* **HOW TO COMPLETE THIS TASK**
Exact copies of the lines from the start of the records through the line with "Peserico Pin Cord Trousers - Black" are what the answer must hold; pictures are not part of it.

* **AVAILABLE DATA**
┏━━

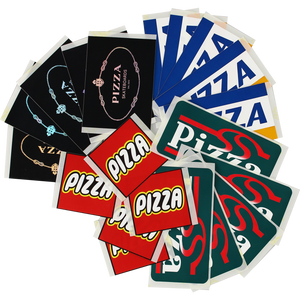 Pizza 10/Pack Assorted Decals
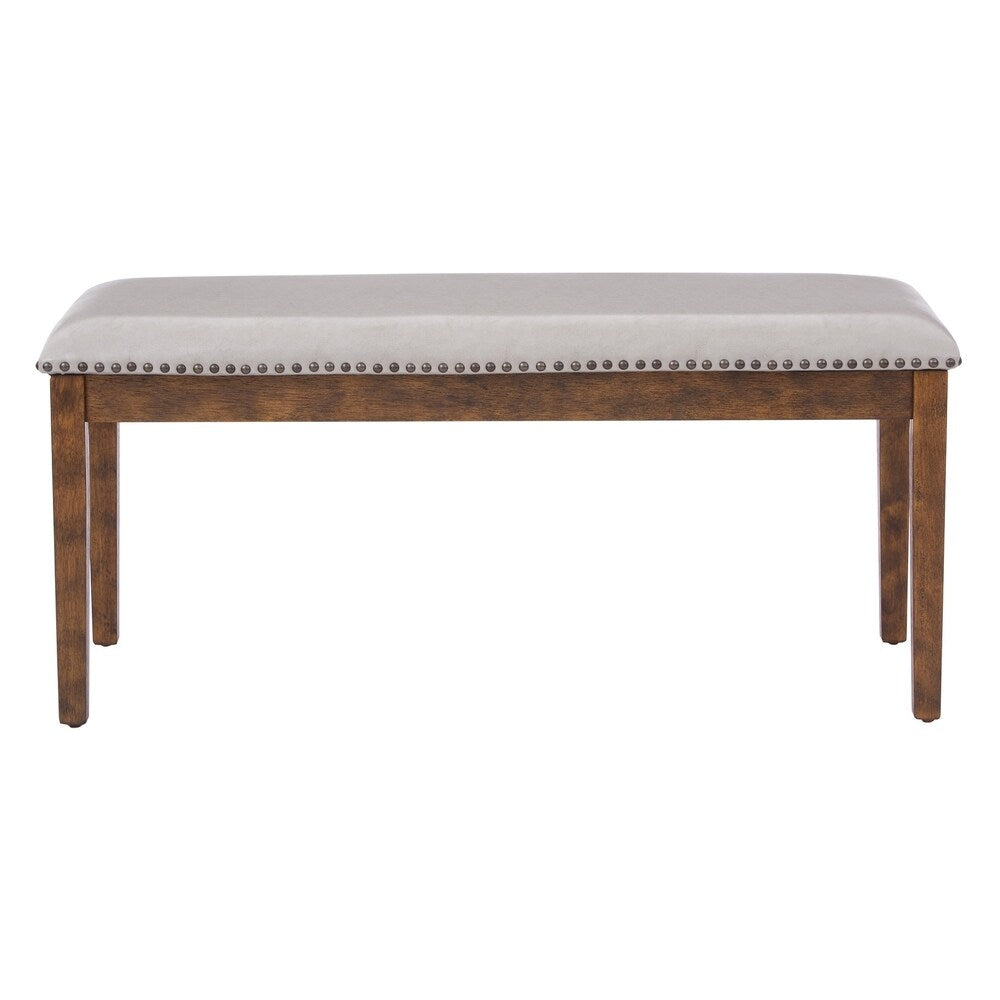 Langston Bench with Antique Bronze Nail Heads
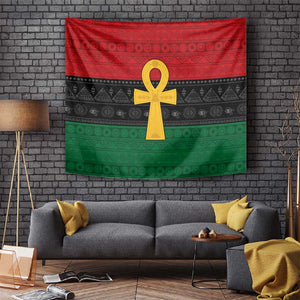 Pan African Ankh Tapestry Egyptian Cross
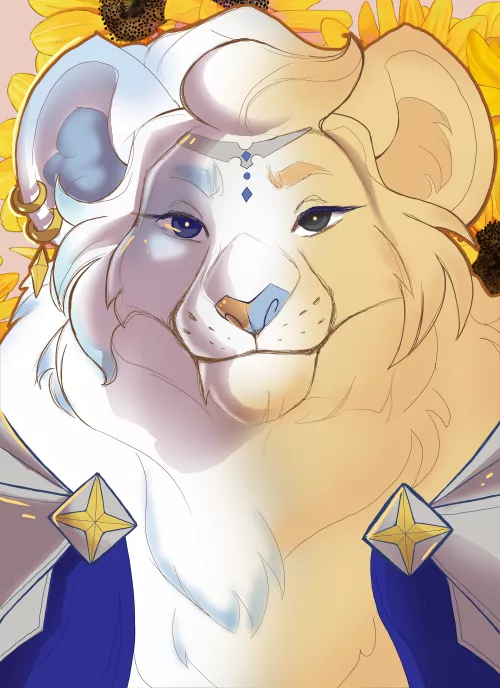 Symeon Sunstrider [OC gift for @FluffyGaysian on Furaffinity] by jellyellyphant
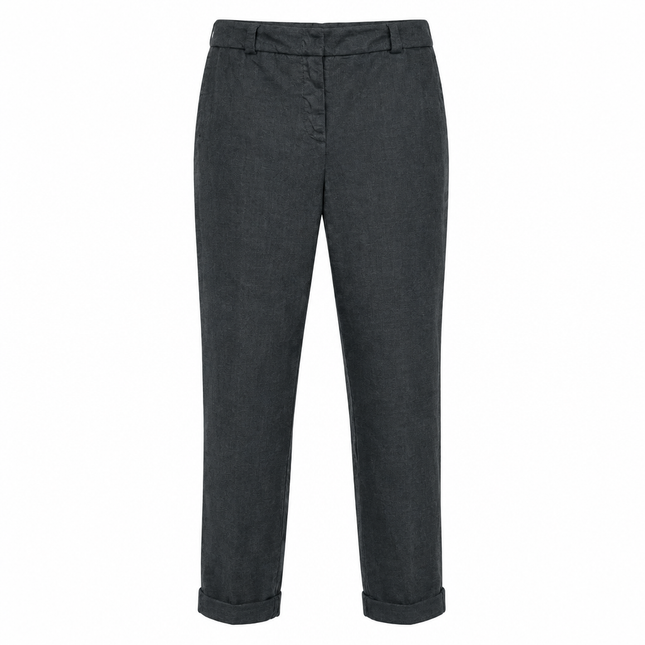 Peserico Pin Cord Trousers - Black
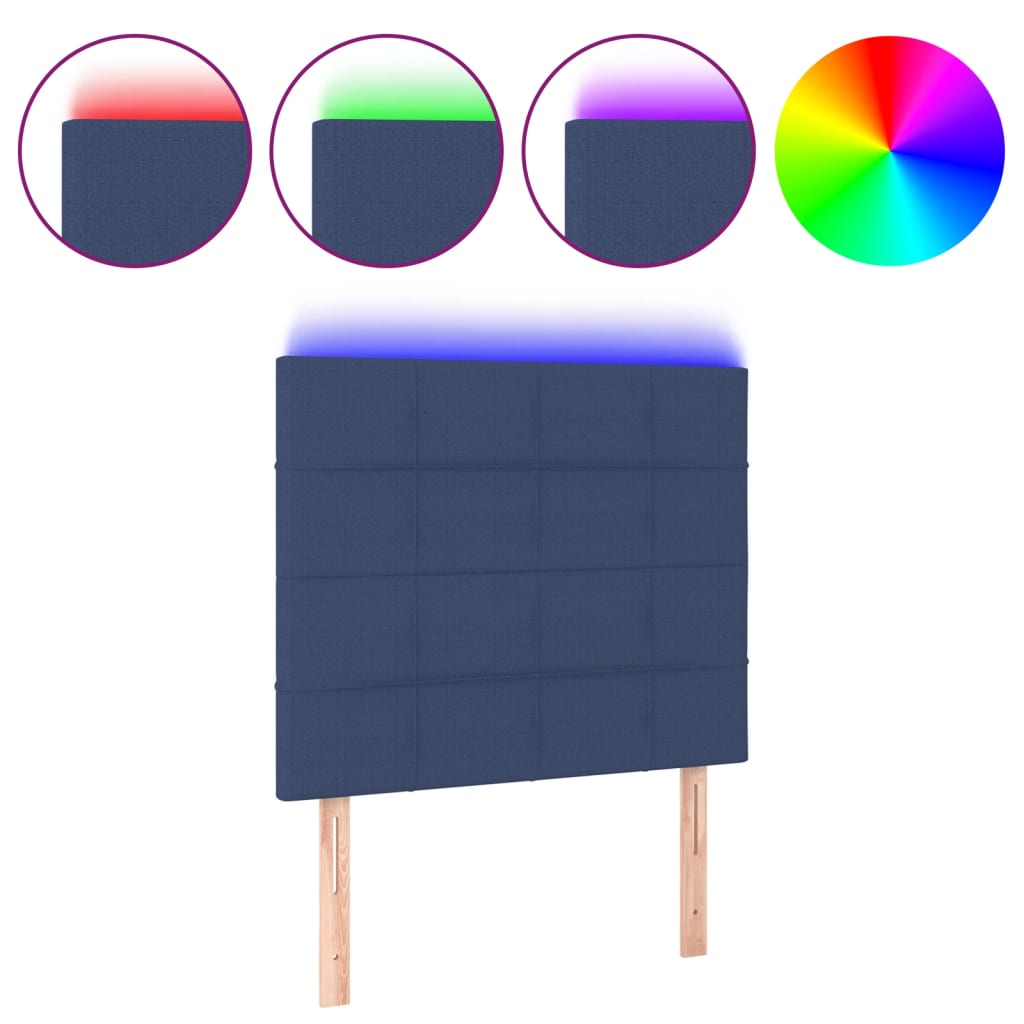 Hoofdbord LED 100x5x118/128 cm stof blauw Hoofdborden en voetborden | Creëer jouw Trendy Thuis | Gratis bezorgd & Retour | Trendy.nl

┗━━

* **OUTPUT FOR THIS TASK**
 Pizza 10/Pack Assorted Decals
 Langston Bench with Antique Bronze Nail Heads
 Pan African Ankh Tapestry Egyptian Cross
 Symeon Sunstrider [OC gift for @FluffyGaysian on Furaffinity] by jellyellyphant
 Peserico Pin Cord Trousers - Black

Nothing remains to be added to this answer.